State the number of lines in these records holding "Drive". Say nothing more.

Records from a collection
━━━━

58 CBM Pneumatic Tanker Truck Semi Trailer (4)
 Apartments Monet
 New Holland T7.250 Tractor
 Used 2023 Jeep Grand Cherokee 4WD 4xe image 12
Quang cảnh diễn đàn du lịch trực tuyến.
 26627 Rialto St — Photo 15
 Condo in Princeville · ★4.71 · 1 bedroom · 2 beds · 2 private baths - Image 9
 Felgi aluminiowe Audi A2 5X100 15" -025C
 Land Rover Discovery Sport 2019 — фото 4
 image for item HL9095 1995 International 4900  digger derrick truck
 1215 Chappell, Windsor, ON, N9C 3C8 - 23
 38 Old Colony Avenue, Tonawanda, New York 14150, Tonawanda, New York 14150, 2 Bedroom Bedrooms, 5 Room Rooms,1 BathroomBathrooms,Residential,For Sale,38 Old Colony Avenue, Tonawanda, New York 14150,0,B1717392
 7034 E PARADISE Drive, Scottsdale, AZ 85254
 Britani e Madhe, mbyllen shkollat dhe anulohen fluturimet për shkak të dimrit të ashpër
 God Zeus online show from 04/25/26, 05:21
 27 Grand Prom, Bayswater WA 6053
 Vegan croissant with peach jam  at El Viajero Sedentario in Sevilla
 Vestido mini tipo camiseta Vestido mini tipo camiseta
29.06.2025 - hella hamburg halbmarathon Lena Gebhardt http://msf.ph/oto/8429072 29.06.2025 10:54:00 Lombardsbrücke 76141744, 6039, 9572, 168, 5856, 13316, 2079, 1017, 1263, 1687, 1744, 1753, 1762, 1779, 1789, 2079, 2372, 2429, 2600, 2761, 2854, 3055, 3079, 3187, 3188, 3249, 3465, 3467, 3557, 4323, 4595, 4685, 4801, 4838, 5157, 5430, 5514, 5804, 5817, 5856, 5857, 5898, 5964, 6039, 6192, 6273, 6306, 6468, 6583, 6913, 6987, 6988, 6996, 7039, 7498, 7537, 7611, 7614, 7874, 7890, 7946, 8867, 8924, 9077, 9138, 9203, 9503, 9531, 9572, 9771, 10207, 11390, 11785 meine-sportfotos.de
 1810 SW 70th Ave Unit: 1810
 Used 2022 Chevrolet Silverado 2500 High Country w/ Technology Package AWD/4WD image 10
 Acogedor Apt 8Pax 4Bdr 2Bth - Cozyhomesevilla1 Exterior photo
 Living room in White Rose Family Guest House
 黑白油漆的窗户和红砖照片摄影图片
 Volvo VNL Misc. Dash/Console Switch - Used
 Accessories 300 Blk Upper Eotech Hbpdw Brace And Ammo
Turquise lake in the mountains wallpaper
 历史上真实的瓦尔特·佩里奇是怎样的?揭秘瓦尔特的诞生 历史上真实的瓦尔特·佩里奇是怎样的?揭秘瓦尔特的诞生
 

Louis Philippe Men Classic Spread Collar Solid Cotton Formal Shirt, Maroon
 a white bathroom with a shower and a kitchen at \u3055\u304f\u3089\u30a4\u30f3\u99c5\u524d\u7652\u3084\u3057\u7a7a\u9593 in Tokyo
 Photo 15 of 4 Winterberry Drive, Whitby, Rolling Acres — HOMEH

━━━━

Result of this task:
2